Partons de ces seules données.
La première chose à remarquer, c'est que l'agitation
intellectuelle et morale puissante dont Jésus a été l'origine ne s'est pas
traduite de son vivant par un mouvement matériel et politique.
Il n'y a pas trace d'une émeute, d'une rébellion, comme
furent plus tard celles de Judas le Gaulonite ou de Barkoceba. Le fait qui a
motivé la condamnation de Jésus a donc eu une cause purement doctrinale et
cette cause a dû être extrêmement grave, vu la sévérité de la condamnation et
son exécution par les Romains à la veille de la plus grande Fête de l'année et
bien que l'ordre public ne fût pas intéressé.
Un autre témoignage de cette gravité est la haine vouée
par les Juifs à la mémoire de Jésus (v. Talmud), de même que la vertu, ou, si
l'on veut, la virulence de sa doctrine, est confirmée par la conversion, un an
après le Calvaire, de saint Paul, un pharisien entre les pharisiens.
Ne s'étant traduite par aucun mouvement politique, il faut
conclure que la doctrine du Christ avait uniquement rapport au monde des idées,
de la conscience. C'était quelque chose de séparé du temporel. Elle faisait une
distinction radicale entre le monde du fait matériel et le monde moral.
D'autre part, elle ne s'est jamais posée comme la
destruction de l'ancienne religion, mais comme son explication et son
développement. Le Christ prêche partout dans les Synagogues, du haut des
chaires officielles.
Cependant la prédication de Jésus cause un scandale énorme
parmi les autorités chargées officiellement de l'interprétation et de
l'administration de l'ancienne religion. Elles se sont senties menacées à la
fois dans leurs croyances et dans leur position officielle, atteintes à la
base. On sent que les pharisiens défendent leur peau.

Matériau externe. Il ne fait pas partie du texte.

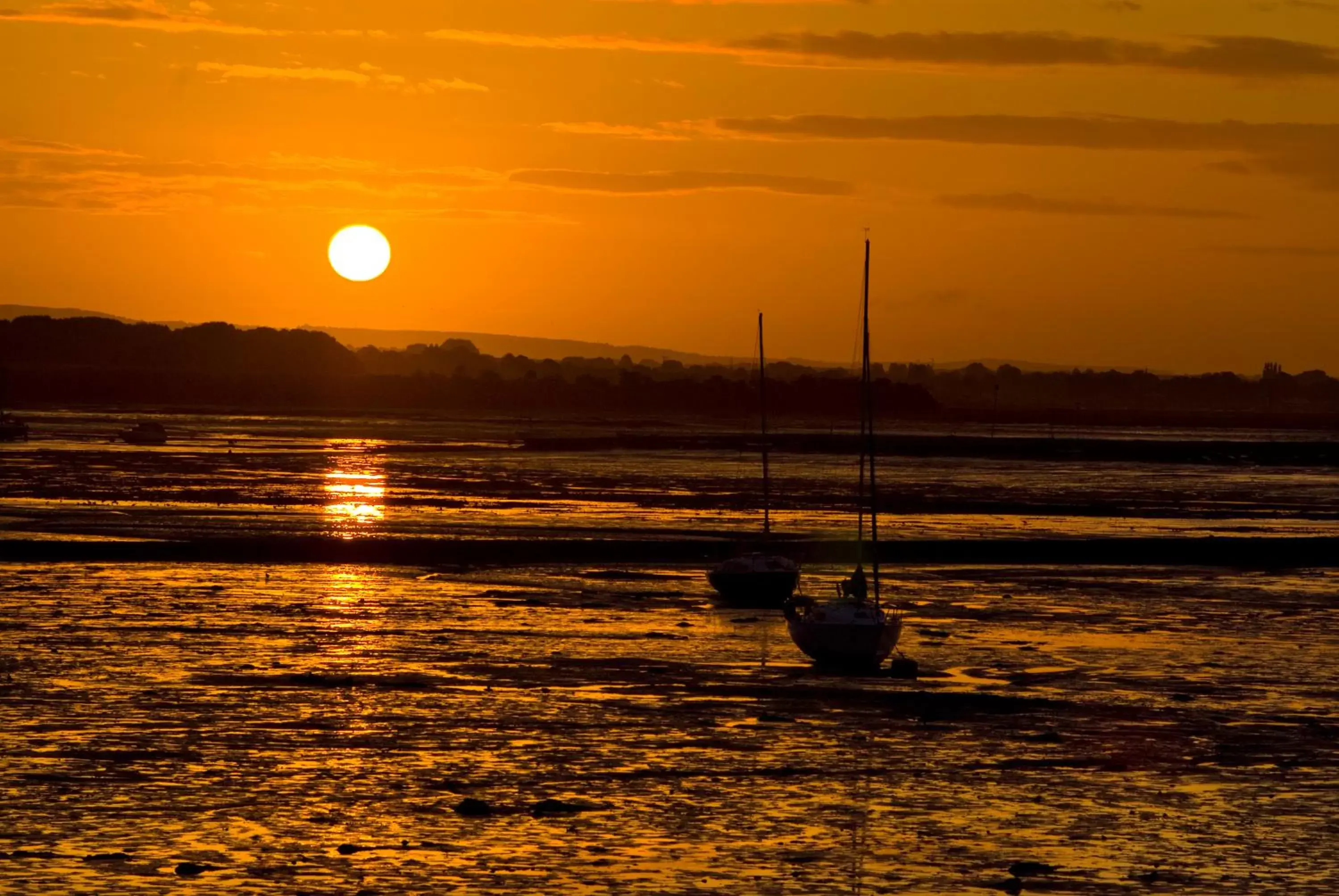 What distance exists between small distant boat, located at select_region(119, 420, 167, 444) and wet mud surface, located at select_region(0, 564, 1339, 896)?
8215 centimetres

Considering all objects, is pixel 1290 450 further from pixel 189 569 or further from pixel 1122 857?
pixel 1122 857

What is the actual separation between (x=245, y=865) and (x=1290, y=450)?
14734 centimetres

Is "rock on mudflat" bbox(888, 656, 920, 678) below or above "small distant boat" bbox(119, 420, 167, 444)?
below

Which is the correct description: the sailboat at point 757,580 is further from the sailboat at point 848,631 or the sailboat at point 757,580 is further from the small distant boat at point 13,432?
the small distant boat at point 13,432

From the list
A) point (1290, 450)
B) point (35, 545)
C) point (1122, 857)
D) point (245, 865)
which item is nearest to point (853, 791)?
point (1122, 857)

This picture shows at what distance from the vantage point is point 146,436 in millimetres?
124812

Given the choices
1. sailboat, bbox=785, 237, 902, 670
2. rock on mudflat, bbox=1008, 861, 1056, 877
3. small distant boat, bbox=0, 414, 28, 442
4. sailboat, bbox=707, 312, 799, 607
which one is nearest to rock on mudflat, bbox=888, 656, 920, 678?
sailboat, bbox=785, 237, 902, 670

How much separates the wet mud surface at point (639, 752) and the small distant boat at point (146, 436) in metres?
82.2

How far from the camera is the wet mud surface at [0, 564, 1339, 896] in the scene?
1936 centimetres

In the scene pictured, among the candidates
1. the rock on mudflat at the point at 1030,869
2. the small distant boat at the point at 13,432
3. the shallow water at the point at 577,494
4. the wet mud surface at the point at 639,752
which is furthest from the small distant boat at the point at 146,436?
the rock on mudflat at the point at 1030,869

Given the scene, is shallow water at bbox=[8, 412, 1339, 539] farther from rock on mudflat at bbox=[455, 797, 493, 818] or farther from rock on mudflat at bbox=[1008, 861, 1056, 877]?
rock on mudflat at bbox=[1008, 861, 1056, 877]

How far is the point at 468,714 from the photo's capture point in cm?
2786

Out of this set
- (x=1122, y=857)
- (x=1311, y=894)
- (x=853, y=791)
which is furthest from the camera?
(x=853, y=791)

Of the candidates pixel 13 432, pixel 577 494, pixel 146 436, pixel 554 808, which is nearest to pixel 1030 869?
pixel 554 808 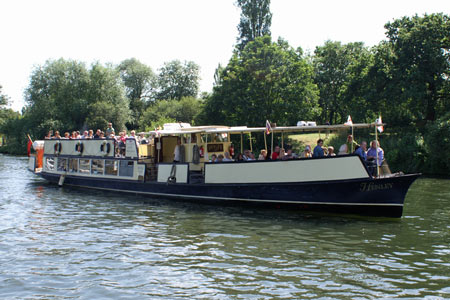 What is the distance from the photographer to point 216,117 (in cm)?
5653

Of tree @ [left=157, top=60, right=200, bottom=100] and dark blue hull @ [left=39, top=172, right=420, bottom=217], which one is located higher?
tree @ [left=157, top=60, right=200, bottom=100]

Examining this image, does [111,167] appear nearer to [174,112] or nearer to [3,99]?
[174,112]

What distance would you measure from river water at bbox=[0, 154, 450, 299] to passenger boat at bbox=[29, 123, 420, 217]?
76cm

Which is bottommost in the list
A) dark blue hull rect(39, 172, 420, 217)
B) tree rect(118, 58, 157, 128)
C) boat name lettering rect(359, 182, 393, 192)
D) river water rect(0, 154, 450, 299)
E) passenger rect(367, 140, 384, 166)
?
river water rect(0, 154, 450, 299)

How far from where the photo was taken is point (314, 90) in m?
51.7

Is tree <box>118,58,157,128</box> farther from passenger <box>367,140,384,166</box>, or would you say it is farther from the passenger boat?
passenger <box>367,140,384,166</box>

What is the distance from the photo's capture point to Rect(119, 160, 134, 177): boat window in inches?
959

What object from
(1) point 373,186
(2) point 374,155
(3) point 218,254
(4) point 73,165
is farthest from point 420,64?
(3) point 218,254

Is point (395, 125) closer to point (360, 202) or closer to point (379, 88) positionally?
point (379, 88)

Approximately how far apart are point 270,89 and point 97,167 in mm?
26510

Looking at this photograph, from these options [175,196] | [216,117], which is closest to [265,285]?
[175,196]

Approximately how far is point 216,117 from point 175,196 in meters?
35.2

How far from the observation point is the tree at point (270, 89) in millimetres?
48062

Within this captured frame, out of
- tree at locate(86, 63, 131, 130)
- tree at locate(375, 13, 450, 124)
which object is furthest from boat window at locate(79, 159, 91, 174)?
tree at locate(86, 63, 131, 130) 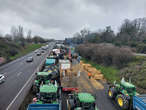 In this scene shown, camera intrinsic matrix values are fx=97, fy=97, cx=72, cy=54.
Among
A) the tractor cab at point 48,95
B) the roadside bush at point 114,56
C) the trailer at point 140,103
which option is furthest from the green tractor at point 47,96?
the roadside bush at point 114,56

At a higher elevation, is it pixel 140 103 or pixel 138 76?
pixel 140 103

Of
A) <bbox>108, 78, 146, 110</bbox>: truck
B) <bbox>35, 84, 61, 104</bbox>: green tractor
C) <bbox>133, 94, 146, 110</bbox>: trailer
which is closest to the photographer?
<bbox>133, 94, 146, 110</bbox>: trailer

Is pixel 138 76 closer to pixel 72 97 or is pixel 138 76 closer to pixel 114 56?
pixel 114 56

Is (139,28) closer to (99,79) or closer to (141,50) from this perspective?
(141,50)

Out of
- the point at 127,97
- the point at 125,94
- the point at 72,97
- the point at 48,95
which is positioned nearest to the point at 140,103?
the point at 127,97

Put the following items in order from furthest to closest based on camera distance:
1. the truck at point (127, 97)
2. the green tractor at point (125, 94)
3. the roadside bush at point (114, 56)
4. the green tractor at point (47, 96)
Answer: the roadside bush at point (114, 56) → the green tractor at point (125, 94) → the truck at point (127, 97) → the green tractor at point (47, 96)

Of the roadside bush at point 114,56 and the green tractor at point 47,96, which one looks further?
the roadside bush at point 114,56

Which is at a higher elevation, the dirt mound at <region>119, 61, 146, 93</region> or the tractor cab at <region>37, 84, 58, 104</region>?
the tractor cab at <region>37, 84, 58, 104</region>

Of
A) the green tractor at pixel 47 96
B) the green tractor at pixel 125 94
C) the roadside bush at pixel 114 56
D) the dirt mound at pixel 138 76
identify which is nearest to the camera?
the green tractor at pixel 47 96

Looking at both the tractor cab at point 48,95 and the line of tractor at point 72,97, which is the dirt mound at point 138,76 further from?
the tractor cab at point 48,95

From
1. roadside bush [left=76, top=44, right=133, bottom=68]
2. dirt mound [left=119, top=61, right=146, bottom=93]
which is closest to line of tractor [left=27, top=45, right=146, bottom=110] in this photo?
dirt mound [left=119, top=61, right=146, bottom=93]

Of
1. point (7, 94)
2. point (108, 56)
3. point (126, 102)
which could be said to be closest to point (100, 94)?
point (126, 102)

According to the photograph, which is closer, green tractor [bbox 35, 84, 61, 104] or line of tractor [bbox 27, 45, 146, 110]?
line of tractor [bbox 27, 45, 146, 110]

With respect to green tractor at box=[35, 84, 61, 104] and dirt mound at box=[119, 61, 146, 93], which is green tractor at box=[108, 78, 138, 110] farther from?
green tractor at box=[35, 84, 61, 104] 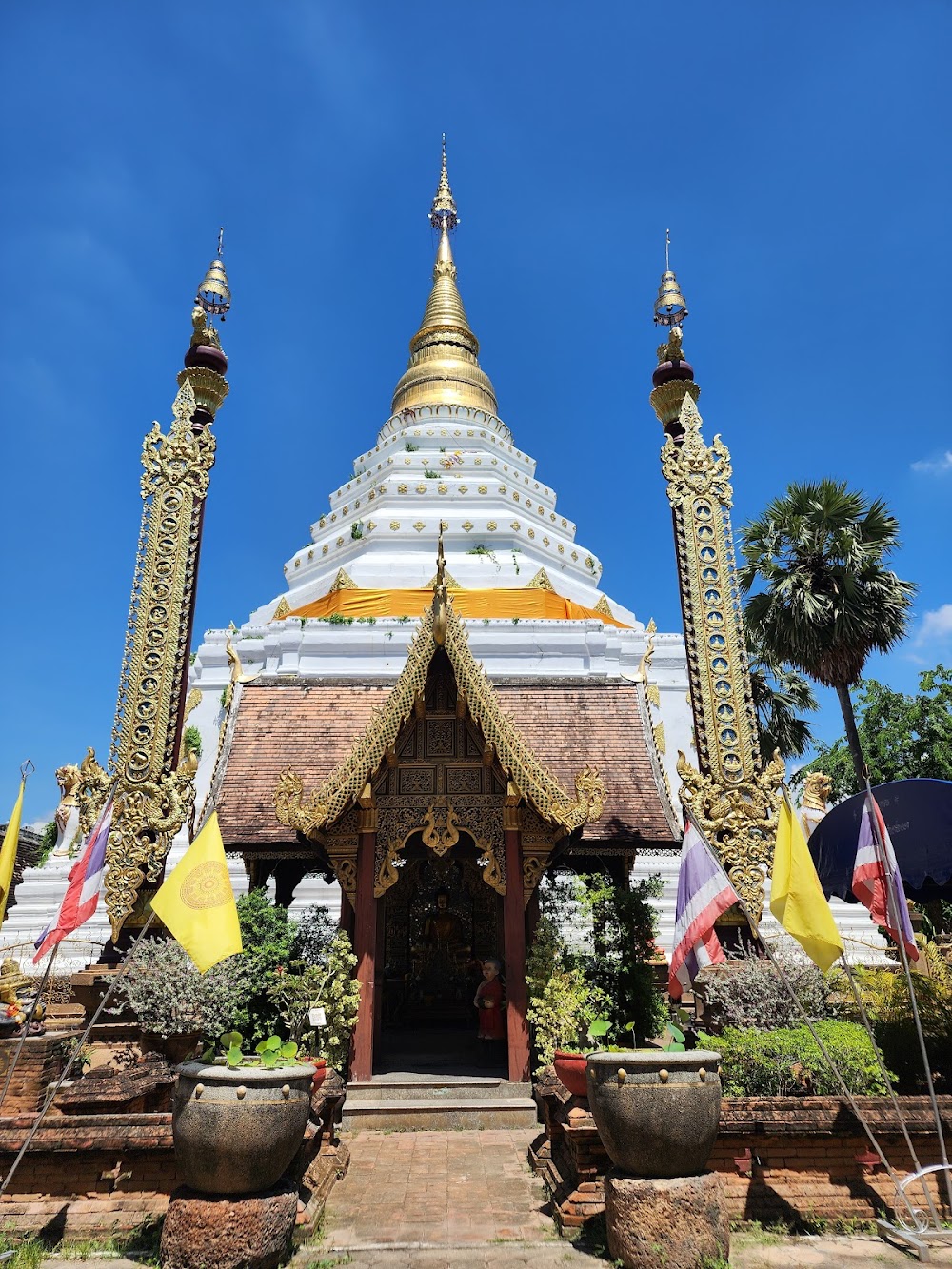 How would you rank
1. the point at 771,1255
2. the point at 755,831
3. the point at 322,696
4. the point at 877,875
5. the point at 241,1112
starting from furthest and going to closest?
the point at 322,696 → the point at 755,831 → the point at 877,875 → the point at 771,1255 → the point at 241,1112

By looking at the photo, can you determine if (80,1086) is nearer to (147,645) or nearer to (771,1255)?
(771,1255)

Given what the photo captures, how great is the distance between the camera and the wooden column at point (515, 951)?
27.2 ft

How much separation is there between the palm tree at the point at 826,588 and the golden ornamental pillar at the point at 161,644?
39.0 feet

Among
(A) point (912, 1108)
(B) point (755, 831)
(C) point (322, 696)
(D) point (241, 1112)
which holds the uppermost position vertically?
(C) point (322, 696)

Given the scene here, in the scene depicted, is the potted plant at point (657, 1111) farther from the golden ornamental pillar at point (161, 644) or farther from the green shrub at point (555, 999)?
the golden ornamental pillar at point (161, 644)

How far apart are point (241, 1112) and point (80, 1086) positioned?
290 centimetres

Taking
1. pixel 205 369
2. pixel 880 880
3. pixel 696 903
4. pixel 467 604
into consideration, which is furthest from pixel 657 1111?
pixel 467 604

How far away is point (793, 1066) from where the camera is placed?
615 centimetres

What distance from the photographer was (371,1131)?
24.7 feet

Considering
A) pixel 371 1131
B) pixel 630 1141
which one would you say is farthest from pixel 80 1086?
pixel 630 1141

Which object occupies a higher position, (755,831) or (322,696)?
(322,696)

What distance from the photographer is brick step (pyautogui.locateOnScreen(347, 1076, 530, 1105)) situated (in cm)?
796

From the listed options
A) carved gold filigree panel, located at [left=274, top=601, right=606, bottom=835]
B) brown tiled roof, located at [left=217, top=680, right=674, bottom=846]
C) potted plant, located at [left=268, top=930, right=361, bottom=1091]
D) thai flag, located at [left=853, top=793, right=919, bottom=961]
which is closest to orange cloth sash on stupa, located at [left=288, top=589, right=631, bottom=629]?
brown tiled roof, located at [left=217, top=680, right=674, bottom=846]

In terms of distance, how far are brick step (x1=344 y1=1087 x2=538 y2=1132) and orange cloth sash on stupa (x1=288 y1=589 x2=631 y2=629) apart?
1637cm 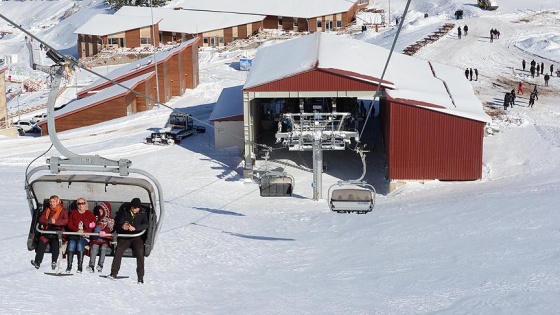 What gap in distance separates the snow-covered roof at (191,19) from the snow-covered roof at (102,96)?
2647 centimetres

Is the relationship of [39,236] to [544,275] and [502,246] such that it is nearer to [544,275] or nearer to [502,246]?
[544,275]

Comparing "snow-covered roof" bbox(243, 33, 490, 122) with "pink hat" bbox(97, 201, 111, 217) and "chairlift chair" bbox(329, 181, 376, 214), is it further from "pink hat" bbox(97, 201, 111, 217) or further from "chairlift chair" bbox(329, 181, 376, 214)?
"pink hat" bbox(97, 201, 111, 217)

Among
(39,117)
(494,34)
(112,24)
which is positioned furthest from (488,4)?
(39,117)

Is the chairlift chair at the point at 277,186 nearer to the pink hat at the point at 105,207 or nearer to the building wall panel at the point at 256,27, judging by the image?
the pink hat at the point at 105,207

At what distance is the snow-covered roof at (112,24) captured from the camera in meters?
77.1

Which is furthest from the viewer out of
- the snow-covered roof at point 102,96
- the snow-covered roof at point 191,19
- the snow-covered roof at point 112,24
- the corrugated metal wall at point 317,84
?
the snow-covered roof at point 191,19

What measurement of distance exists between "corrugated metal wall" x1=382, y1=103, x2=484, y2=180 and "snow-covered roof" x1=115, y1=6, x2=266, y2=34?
4675 cm

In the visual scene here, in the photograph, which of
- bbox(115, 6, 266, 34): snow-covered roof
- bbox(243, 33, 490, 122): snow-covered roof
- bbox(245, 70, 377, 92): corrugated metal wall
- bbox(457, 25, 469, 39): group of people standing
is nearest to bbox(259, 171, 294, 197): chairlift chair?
bbox(245, 70, 377, 92): corrugated metal wall

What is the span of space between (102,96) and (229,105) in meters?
10.6

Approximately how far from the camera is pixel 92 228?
14906 millimetres

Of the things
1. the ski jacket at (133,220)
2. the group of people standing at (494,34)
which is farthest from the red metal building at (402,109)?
the group of people standing at (494,34)

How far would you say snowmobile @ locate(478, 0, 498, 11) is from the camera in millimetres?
75125

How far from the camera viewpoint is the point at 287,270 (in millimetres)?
23781

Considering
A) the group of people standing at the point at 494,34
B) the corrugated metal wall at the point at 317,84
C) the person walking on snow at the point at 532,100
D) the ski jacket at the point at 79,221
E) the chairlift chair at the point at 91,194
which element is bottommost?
the person walking on snow at the point at 532,100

Il y a donc de la part de
Jésus non seulement prédication morale, comme celle de Jean-Baptiste, mais
doctrine : doctrine indiquée par lui comme la suite et le développement de
l'ancienne révélation, et cependant scandaleusement nouvelle aux yeux des
détenteurs de la Loi. Jésus a donc dû dire quelque chose d'énorme.
Il n'y a rien de plus énorme qu'un blasphème. Et
précisément nous voyons que le fait reproché au Christ est un Blasphème,
c'est-à-dire un attentat contre la Divinité elle-même, l'attribution à la
Divinité d'un caractère qui en avilissait la majesté. Quel était ce
blasphème ? Nous avons à ce sujet le témoignage contemporain de saint Paul.
Dès qu'il y a une trace historique d'un chrétien, dès la première conversion
authentiquement constatée, ce chrétien croyait que le Christ était le Fils de
Dieu. Et s'il a cru que Jésus était le Fils de Dieu, c'est que Jésus avait dit
lui-même qu'il l'était (contre Renan).
Cette affirmation était bien en effet aux yeux des Juifs
un scandale inouï, eux qui à cette époque n'osaient même plus prononcer le nom incommunicable. Dans toute
l'histoire humaine, jamais un révolutionnaire religieux n'a osé se proclamer le
Fils de Dieu (Dieu dans la plénitude du sens que lui donnaient les Juifs), et
cela pour des
raisons bien simples : car il manquait trop évidemment et de la perfection
morale et de la puissance matérielle pour justifier un pareil titre. Une pareille
affirmation au milieu du monde juif, c'était quelque chose d'inouï,
d'effroyable ! Il a donc fallu absolument que cette prétention, Jésus la
justifiât, qu'il donnât des marques frappantes à la fois de sa sagesse et de
son pouvoir, qu'il portât témoignage de lui-même à la fois par la sainteté et
par ses miracles. Cette nécessité était d'autant plus grande que tout en
engageant ses disciples dans une voie nouvelle qui mettait contre eux toute
l'autorité officielle et traditionnelle du Judaïsme, il ne leur promettait
cependant aucun avantage matériel, mais, au contraire, la persécution.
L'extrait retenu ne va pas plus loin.